[Data extracted from a collection]
════════

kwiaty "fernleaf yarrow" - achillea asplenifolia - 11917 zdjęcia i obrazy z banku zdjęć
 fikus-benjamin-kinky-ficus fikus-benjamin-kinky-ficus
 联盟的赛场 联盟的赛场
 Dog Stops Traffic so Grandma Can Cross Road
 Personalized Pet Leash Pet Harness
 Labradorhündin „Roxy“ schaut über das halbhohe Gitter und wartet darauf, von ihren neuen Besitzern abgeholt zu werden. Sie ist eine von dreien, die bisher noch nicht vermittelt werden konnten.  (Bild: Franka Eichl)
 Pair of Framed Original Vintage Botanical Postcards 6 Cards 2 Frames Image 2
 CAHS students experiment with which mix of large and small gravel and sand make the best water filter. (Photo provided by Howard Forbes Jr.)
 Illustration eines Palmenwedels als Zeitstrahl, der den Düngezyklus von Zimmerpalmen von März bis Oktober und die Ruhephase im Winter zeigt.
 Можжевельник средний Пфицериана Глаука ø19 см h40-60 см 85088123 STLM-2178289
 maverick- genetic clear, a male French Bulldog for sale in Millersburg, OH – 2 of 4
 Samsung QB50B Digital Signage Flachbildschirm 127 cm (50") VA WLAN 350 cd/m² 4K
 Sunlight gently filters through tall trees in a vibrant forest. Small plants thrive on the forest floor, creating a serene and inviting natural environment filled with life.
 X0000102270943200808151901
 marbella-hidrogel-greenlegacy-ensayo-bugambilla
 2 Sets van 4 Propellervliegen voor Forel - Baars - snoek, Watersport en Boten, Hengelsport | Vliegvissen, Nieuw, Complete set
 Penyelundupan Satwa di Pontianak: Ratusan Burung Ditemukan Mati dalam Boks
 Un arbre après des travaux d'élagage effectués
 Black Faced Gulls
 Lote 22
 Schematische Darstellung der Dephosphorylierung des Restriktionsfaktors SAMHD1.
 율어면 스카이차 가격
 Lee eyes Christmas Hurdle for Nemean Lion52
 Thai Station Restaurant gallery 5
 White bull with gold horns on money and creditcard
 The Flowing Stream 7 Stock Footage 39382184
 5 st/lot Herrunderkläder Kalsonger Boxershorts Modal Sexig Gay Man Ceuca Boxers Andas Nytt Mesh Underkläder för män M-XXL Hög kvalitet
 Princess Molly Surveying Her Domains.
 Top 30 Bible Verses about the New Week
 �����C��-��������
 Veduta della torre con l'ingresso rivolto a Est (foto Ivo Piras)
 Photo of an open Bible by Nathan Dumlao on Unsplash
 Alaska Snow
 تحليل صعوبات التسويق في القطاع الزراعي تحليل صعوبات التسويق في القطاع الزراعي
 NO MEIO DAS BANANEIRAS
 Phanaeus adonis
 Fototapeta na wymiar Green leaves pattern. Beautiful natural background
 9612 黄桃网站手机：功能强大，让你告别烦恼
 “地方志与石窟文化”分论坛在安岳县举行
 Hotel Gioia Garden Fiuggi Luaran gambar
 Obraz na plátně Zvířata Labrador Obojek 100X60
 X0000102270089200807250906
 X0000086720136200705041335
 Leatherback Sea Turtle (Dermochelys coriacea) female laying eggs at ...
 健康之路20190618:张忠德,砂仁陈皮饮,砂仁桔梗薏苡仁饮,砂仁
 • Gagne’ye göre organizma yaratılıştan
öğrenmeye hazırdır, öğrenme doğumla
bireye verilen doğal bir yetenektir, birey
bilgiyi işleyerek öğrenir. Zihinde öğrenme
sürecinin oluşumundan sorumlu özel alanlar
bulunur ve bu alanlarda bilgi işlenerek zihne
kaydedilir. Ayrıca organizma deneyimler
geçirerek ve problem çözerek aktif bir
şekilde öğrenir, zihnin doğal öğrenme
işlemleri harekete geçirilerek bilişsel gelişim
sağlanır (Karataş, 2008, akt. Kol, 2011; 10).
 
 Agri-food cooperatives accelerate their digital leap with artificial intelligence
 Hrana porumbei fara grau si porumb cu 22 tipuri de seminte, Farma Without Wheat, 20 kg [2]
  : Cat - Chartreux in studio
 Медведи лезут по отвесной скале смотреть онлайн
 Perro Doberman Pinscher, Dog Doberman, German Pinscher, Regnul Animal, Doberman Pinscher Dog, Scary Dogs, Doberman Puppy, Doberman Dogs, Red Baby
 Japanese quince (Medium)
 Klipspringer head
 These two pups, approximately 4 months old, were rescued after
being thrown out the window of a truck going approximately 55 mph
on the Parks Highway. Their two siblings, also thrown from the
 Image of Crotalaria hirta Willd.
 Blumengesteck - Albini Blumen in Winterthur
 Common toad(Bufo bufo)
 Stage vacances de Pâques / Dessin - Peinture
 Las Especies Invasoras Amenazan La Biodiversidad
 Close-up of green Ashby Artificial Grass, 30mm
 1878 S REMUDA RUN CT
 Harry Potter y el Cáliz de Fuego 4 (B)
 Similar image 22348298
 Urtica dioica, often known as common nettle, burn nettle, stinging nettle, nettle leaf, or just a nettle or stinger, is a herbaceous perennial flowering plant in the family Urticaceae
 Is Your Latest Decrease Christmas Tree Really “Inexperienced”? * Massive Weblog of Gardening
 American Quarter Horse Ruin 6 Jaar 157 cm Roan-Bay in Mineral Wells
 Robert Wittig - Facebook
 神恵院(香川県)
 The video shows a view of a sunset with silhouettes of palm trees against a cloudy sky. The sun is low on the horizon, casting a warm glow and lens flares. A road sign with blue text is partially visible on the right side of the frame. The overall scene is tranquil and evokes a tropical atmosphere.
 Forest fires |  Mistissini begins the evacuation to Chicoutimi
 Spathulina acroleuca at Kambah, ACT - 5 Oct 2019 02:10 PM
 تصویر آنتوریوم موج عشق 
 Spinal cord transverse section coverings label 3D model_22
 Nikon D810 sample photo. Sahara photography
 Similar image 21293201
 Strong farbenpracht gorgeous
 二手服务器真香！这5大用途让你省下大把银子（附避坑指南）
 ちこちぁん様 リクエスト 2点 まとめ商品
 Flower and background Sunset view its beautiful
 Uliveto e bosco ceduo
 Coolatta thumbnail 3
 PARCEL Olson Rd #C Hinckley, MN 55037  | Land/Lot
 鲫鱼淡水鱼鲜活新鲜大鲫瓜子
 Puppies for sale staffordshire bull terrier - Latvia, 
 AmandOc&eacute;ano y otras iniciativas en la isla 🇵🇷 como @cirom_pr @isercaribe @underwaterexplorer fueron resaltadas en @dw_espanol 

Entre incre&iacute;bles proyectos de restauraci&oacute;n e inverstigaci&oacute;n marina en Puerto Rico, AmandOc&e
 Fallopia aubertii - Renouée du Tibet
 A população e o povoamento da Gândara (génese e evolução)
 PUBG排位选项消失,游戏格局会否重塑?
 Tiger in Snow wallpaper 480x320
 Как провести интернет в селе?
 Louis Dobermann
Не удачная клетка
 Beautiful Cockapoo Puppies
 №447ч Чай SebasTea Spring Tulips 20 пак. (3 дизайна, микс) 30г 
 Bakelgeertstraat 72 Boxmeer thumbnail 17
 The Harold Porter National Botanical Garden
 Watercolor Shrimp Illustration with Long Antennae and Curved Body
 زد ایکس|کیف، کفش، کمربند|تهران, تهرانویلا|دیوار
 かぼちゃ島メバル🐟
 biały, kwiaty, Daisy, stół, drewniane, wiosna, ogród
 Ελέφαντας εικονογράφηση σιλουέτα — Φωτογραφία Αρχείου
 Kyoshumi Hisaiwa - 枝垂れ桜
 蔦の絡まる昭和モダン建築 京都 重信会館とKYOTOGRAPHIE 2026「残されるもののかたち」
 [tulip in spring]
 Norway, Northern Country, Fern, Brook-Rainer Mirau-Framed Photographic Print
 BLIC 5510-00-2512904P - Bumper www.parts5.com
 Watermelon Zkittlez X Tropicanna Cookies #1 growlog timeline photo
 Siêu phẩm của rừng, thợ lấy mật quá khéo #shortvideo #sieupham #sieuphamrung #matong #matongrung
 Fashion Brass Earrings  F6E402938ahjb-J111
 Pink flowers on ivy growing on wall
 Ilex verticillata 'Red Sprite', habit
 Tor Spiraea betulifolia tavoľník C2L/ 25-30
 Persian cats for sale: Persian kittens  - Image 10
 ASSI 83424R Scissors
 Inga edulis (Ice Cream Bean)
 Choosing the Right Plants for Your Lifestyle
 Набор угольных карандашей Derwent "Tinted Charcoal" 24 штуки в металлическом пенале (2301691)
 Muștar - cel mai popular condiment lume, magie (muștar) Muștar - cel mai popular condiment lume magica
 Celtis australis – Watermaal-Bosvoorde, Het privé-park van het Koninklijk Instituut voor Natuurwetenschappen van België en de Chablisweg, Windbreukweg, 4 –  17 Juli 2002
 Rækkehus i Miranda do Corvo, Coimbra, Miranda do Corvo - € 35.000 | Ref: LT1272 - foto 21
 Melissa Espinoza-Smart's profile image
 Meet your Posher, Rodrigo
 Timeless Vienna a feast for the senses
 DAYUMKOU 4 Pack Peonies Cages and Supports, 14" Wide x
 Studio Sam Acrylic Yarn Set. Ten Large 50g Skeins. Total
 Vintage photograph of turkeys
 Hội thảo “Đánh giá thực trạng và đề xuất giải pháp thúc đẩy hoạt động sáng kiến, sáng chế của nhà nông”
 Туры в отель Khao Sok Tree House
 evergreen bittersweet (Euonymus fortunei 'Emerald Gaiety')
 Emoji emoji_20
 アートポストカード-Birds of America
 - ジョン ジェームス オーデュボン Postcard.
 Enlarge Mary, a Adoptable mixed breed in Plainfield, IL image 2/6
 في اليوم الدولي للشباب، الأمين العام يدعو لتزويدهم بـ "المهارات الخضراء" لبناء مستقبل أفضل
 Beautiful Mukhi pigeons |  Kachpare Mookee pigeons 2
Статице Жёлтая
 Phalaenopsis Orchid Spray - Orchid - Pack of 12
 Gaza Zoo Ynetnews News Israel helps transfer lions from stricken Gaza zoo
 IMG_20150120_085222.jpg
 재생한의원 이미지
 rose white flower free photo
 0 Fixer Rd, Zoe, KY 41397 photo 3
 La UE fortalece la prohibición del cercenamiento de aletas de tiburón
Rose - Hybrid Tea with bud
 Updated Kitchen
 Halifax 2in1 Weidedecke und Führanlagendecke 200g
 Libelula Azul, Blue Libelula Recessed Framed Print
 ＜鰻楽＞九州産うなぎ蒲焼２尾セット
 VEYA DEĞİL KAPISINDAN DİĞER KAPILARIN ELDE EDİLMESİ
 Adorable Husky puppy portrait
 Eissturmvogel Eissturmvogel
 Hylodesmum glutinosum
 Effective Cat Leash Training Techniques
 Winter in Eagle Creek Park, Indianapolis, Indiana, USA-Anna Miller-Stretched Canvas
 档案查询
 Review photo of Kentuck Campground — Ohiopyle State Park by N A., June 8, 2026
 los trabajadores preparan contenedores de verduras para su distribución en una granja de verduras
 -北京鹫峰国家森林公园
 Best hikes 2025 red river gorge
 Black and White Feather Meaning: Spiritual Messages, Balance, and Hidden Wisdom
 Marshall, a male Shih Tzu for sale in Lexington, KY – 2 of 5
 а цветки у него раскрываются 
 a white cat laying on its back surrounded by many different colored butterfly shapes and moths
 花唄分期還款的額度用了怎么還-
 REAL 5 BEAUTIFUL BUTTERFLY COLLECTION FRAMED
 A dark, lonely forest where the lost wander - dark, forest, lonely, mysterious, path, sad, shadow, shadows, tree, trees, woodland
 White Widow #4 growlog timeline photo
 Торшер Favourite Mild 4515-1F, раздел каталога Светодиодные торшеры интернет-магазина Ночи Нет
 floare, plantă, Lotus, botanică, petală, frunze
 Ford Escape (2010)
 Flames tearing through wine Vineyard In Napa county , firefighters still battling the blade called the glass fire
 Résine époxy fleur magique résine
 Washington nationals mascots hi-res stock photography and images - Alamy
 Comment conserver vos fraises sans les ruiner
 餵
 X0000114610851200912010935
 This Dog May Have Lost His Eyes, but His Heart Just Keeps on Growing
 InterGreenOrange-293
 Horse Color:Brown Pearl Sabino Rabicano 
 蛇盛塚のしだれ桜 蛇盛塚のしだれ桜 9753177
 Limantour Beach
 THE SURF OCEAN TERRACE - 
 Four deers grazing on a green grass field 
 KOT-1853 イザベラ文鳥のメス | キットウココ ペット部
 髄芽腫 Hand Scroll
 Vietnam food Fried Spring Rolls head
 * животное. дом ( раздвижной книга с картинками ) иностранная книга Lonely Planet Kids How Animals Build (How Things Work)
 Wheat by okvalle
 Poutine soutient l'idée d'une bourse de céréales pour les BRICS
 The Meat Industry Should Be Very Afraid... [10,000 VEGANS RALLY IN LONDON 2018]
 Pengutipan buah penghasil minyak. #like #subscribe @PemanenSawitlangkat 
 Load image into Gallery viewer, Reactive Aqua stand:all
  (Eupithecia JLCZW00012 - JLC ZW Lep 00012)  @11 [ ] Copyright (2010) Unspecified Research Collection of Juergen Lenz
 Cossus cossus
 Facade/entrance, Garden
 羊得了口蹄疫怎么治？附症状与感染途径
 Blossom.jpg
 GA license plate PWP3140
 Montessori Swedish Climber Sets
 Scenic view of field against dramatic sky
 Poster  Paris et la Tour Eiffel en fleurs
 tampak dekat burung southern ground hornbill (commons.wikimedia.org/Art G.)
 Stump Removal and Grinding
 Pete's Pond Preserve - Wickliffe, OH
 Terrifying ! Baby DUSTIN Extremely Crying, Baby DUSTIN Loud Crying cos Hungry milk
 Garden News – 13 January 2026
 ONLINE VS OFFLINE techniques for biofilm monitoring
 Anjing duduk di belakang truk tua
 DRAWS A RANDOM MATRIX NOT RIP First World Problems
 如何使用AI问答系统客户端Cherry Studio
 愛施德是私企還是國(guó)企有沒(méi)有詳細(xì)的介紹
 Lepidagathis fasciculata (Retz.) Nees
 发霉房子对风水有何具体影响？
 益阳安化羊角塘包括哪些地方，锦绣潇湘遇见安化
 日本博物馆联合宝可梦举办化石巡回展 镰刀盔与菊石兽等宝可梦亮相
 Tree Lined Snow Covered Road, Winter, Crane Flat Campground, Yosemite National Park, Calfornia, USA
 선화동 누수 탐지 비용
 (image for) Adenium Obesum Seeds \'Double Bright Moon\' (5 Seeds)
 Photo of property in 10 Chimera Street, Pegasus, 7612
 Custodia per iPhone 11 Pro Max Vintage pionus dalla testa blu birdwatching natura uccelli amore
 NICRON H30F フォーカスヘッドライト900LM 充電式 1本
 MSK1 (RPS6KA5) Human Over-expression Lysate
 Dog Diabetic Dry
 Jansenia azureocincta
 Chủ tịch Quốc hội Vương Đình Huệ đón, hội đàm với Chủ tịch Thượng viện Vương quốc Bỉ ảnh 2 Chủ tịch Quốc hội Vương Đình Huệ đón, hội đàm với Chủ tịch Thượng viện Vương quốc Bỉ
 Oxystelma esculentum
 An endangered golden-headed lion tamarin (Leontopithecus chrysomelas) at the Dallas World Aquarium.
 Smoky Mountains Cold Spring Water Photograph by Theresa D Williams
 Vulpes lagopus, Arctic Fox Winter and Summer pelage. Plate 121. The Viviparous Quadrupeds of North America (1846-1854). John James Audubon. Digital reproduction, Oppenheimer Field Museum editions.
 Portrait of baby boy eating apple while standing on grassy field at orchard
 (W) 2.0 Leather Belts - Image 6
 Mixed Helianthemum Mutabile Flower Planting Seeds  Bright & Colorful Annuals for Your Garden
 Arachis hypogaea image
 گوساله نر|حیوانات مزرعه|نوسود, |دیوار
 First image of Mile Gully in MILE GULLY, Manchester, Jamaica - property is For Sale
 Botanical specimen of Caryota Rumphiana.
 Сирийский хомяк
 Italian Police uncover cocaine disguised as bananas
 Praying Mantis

════════

Taking the records above, retype every line from the one with "InterGreenOrange-293" down to the one with "MSK1 (RPS6KA5) Human Over-expression Lysate", exactly and with nothing else.

 InterGreenOrange-293
 Horse Color:Brown Pearl Sabino Rabicano 
 蛇盛塚のしだれ桜 蛇盛塚のしだれ桜 9753177
 Limantour Beach
 THE SURF OCEAN TERRACE - 
 Four deers grazing on a green grass field 
 KOT-1853 イザベラ文鳥のメス | キットウココ ペット部
 髄芽腫 Hand Scroll
 Vietnam food Fried Spring Rolls head
 * животное. дом ( раздвижной книга с картинками ) иностранная книга Lonely Planet Kids How Animals Build (How Things Work)
 Wheat by okvalle
 Poutine soutient l'idée d'une bourse de céréales pour les BRICS
 The Meat Industry Should Be Very Afraid... [10,000 VEGANS RALLY IN LONDON 2018]
 Pengutipan buah penghasil minyak. #like #subscribe @PemanenSawitlangkat 
 Load image into Gallery viewer, Reactive Aqua stand:all
  (Eupithecia JLCZW00012 - JLC ZW Lep 00012)  @11 [ ] Copyright (2010) Unspecified Research Collection of Juergen Lenz
 Cossus cossus
 Facade/entrance, Garden
 羊得了口蹄疫怎么治？附症状与感染途径
 Blossom.jpg
 GA license plate PWP3140
 Montessori Swedish Climber Sets
 Scenic view of field against dramatic sky
 Poster  Paris et la Tour Eiffel en fleurs
 tampak dekat burung southern ground hornbill (commons.wikimedia.org/Art G.)
 Stump Removal and Grinding
 Pete's Pond Preserve - Wickliffe, OH
 Terrifying ! Baby DUSTIN Extremely Crying, Baby DUSTIN Loud Crying cos Hungry milk
 Garden News – 13 January 2026
 ONLINE VS OFFLINE techniques for biofilm monitoring
 Anjing duduk di belakang truk tua
 DRAWS A RANDOM MATRIX NOT RIP First World Problems
 如何使用AI问答系统客户端Cherry Studio
 愛施德是私企還是國(guó)企有沒(méi)有詳細(xì)的介紹
 Lepidagathis fasciculata (Retz.) Nees
 发霉房子对风水有何具体影响？
 益阳安化羊角塘包括哪些地方，锦绣潇湘遇见安化
 日本博物馆联合宝可梦举办化石巡回展 镰刀盔与菊石兽等宝可梦亮相
 Tree Lined Snow Covered Road, Winter, Crane Flat Campground, Yosemite National Park, Calfornia, USA
 선화동 누수 탐지 비용
 (image for) Adenium Obesum Seeds \'Double Bright Moon\' (5 Seeds)
 Photo of property in 10 Chimera Street, Pegasus, 7612
 Custodia per iPhone 11 Pro Max Vintage pionus dalla testa blu birdwatching natura uccelli amore
 NICRON H30F フォーカスヘッドライト900LM 充電式 1本
 MSK1 (RPS6KA5) Human Over-expression Lysate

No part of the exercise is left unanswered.